Fortunately, we can find the child and know that the child is alive and healthy.
Unfortunately, he is still suffering on the way to find his son. Even if there is no hope, he can’t stop looking for him.
If the child is not found for a day, the parents will not be able to have peace for a day.
As Zhang Baoyan, the founder of “baby home”, said, “only when parents who have lost their children are on the way to find their children, can they feel an explanation for their children and a trace of peace of mind.”
They are worried that their children are no longer in the world, and they are also worried that they will be abused. The information spread on the Internet about the state of abducted children is always stinging their nerves.
If they can’t find their children back, they can’t feel the meaning of living. The remorse and guilt of losing their children make some parents give up their work, career, life and even themselves.
The moment a child is abducted, parents lose the meaning of life.
After the reunion, there is still a long way to go
It’s not the fairy tale that says “from then on, the whole family will live happily together.”
They have a long way to go, and it’s also a hard road.
A counselor once told a story about a boy from Sichuan who was abducted and sold to Hebei Province when he was 4 years old. His parents’ family conditions were very poor. When he was a teenager, the boy went out to work and supported himself by repairing his car.
The boy always wanted to find his parents. When he found them, he was 26 years old. He eagerly bought a ticket and went back to his parents’ home.
His parents had their own business. The family was very kind to the boy. He didn’t adapt to the work in his own business, so he opened a garage for him.
However, boys always feel unable to adapt to the life here.
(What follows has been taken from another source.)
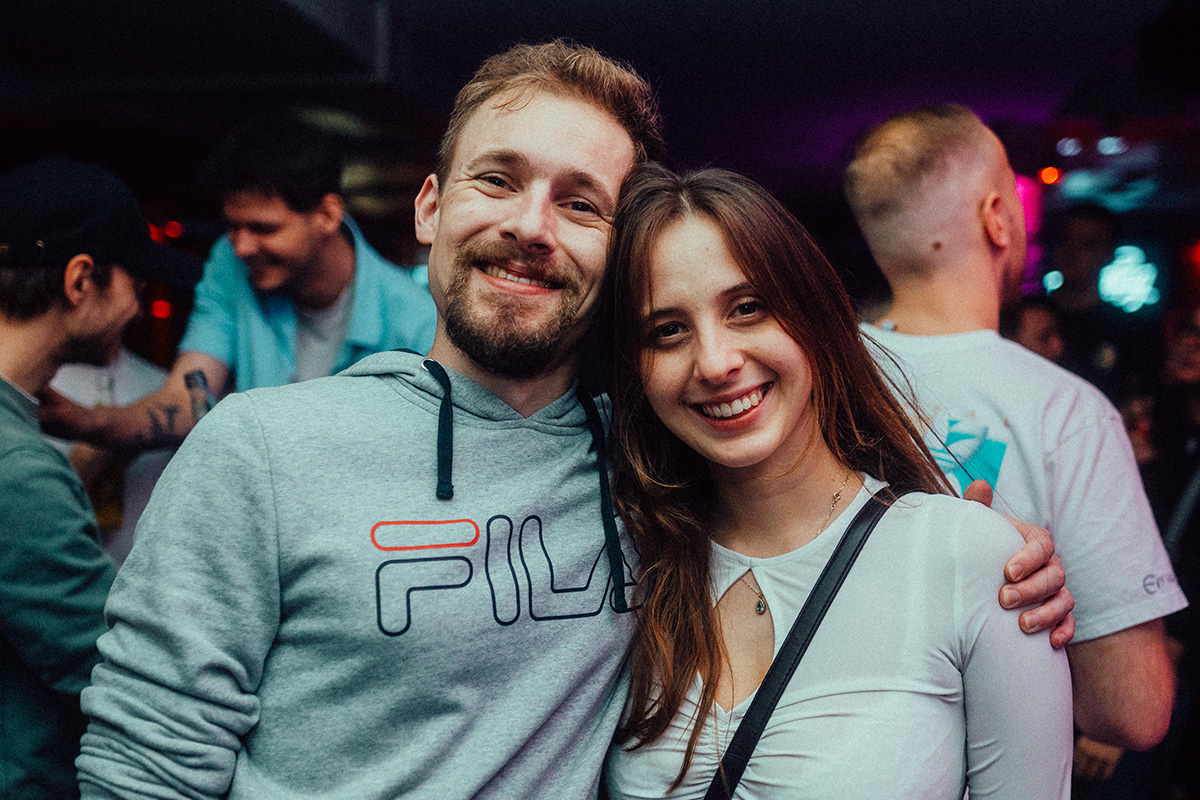 Bildergalerie: Eine heiße Partynacht mit Dj Rob Vee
He also found that his living habits and family culture were incompatible with those of his biological parents.
He wants to stay with his biological parents, but he often misses his adoptive parents.
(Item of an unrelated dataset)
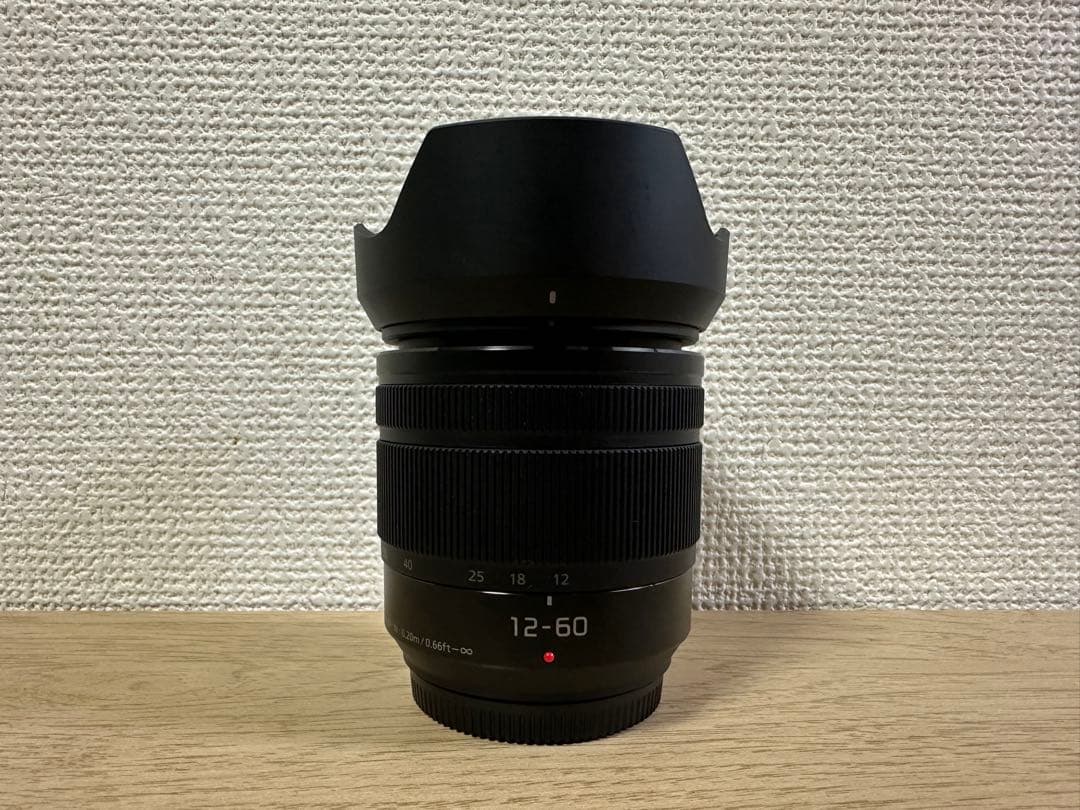 【動作確認済み】LUMIX DC-GH5M2M 標準ズームレンズキット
Relevant survey results show that most of the abducted children who return home after adulthood will choose to return to their adoptive parents or live alone. There are also many problems for the abducted children who have not yet returned.
Some netizens share that my sister was abducted when she was one year old and was 10 years old when she was found back. A few days after I went home, I complained that I was not used to the life here.
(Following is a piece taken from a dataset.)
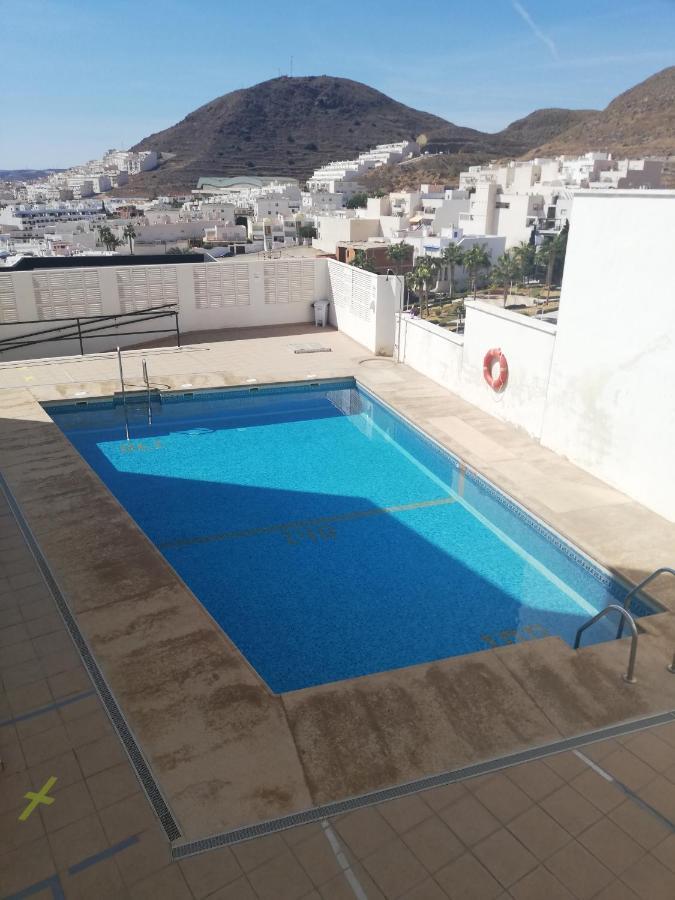 Apartamento Con Vistas Al Mar En Carboneras Exterior photo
The differences in eating habits, travel modes, language and other aspects make my sister unable to adapt. She clamors to go back to her adoptive parents.
Parents are very tangled, let sister back to foster parents home, equal to lose her again. However, if she is not allowed to return, she is not happy here, and other people are also very tired.
Some netizens claimed that he was a child who had been abducted and sold. He was abducted at the age of 2 and recovered by his biological parents at the age of 12.
Although his parents are very fond of him, he still finds it difficult to adapt and feels like a guest at his parents’ home.
It’s also an embarrassing problem that it’s better to have parents than to have parents. The longer they are abducted, the more difficult it is to reintegrate into the original family.
The attitude of the original family towards the adoptive parents is also very contradictory.
Shen Junliang said: “they have raised and raised their children for 15 years. Without their support, the children may not grow so big. From this point of view, I think I should be grateful to him. However, the 15 years that he raised his children are the 15 years that my whole family suffered a lot, and also the 15 years that we are on the verge of collapse. In these 15 years, most of me are on the road of looking for children, and the 15 years have wasted me The whole family, my whole family, is gone. “
This 15 years of suffering is full of bitterness. The time thrown on the road of finding children will never come back.
I don’t know how much time it will take to repair the family affection isolated by time and the intimacy blocked by space.
In any case, I wish the Shen Junliang family a happy reunion. May they regard the reunion as a new chapter and cherish each other.
I also hope that the parents whose children have been abducted can meet again and get what they want.